The court order was handed down after the pilot’s union filed a complaint, accusing Avianca officials of refusing to hold discussions in regards to demands that were made.

Original Negotiations

The original list of demands was presented by ACDAC in December, following negotiations in late September and early October.

During those negotiations, the airline reached an agreement with Fliers Organization of Aviana (ODEAA), a pilot’s union that represented 57% of the 982 pilots involved. Union officials accepted an 11% pay raise, dependent on productivity improvements.

The airline was unable to reach an agreement with ACDAC, however, which represents the remaining 43% of Avianca’s pilots.
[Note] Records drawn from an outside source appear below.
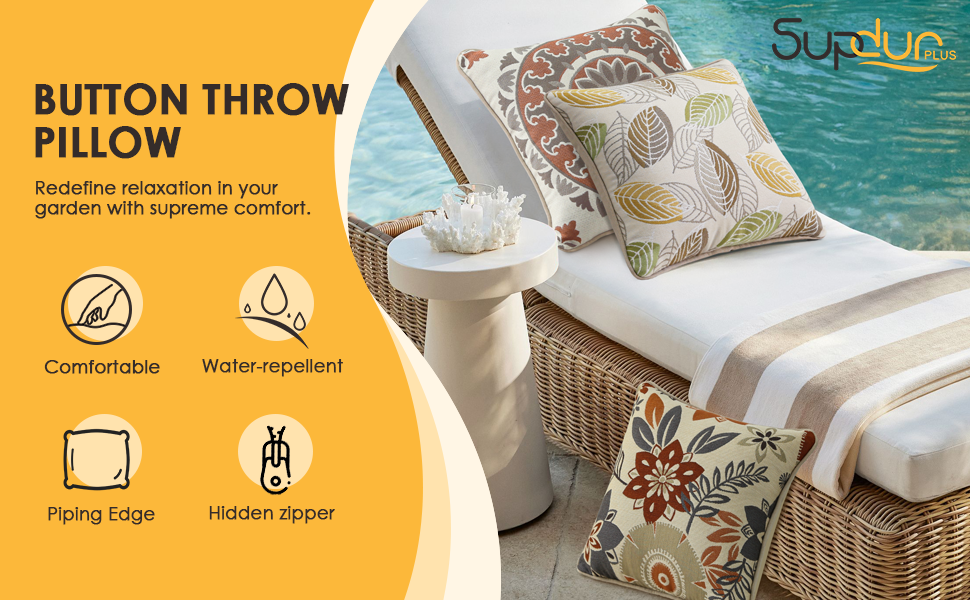 Outdoor throw pillow, garden decor, comfortable cushion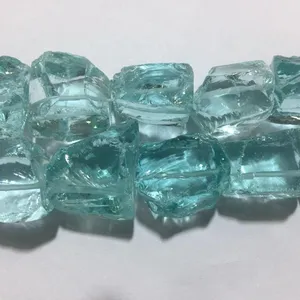 13-15*18-22mm or customized Jewelry gemstone hot sale aquamarine color glass quartz rough tumbled nuggets beads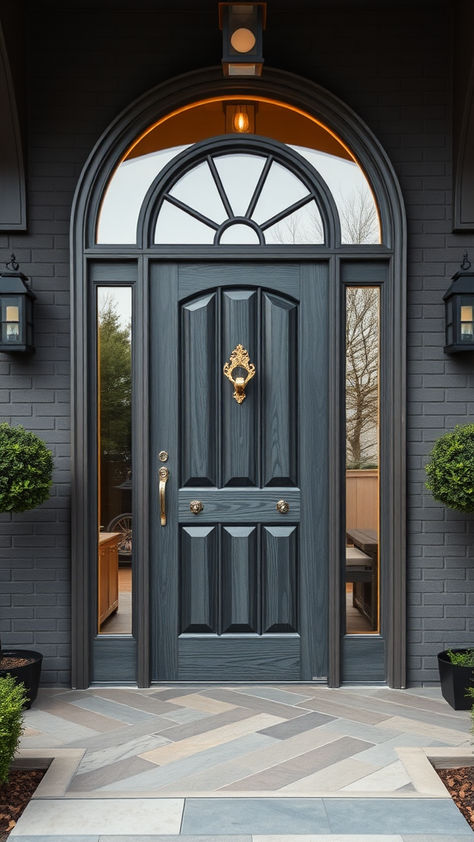 Want to create a warm welcome? These beautiful front doors redefine elegance and curb appeal. House Front Doors Ideas, Front Door Colors For Black House, Large Front Doors Entrance, Stained Wood Front Door, Arched Front Doors, Dark Front Door, Front Door Transformation, Front Door Design Ideas, Front Doors Ideas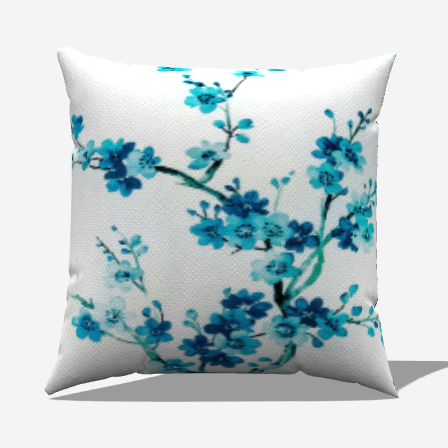 Teal Botanical Cotton Throw Pillow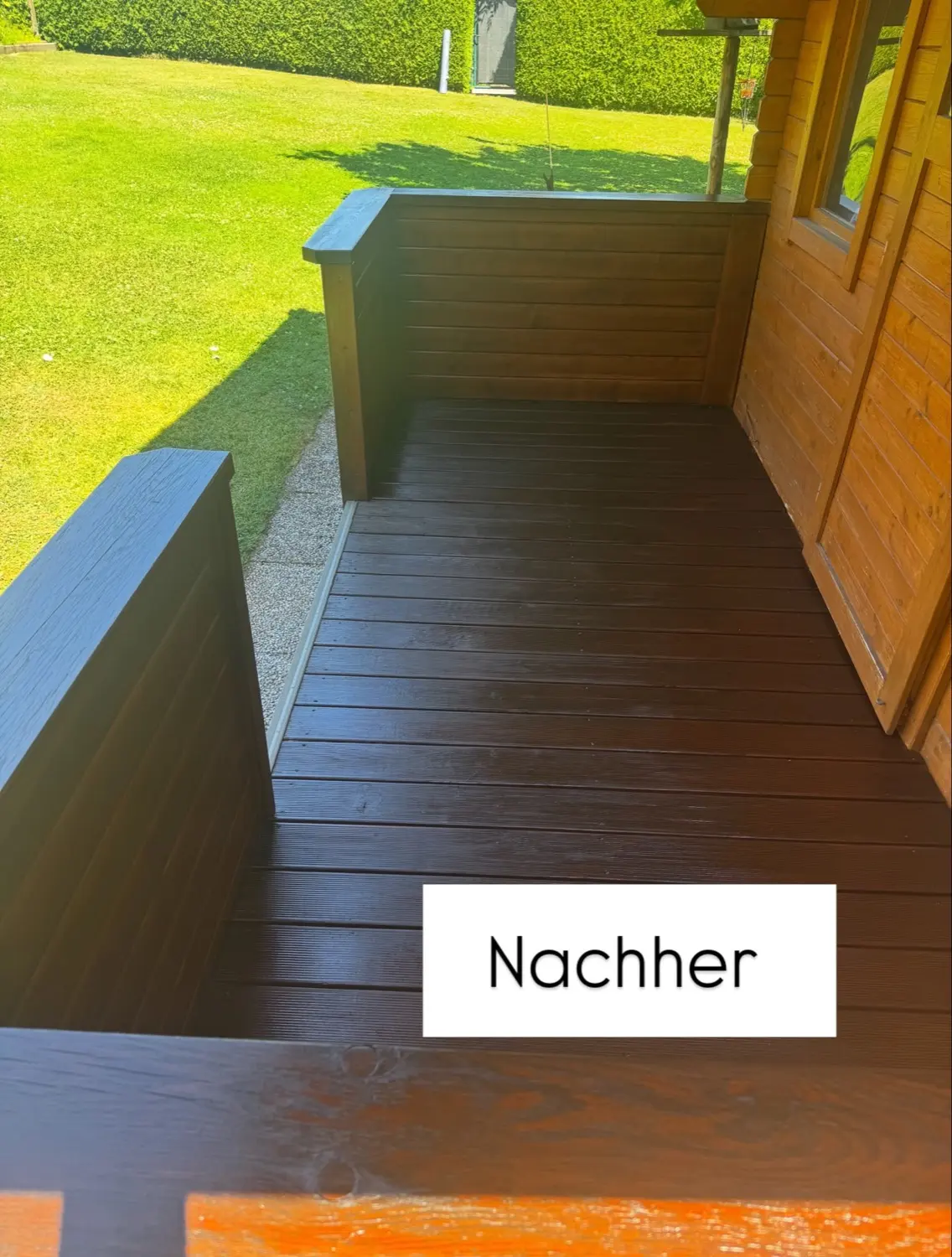 Terrassendielen nach der Lasur in dunklem Braun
During the industrial action, Avianca reduced their flights by 3.5% per day, affecting some of their 331 daily domestic flights, including such high-traffic routes as those between Bogota, Medellin, Cali and Barranquilla.

 Demands

ACDAC’s current list of demands include requests for aviation safety improvements in regards to working hours, wage stability, union rights and maternity rights and benefits.

A statement about the court’s decision can be seen on the union’s website and reads, “The Colombian justice system has protect our rights to freedom of association and collective bargaining.”

Despite the ruling, Avianca has a right to challenge the court’s decision. The company was not available for comment at the time this article was published.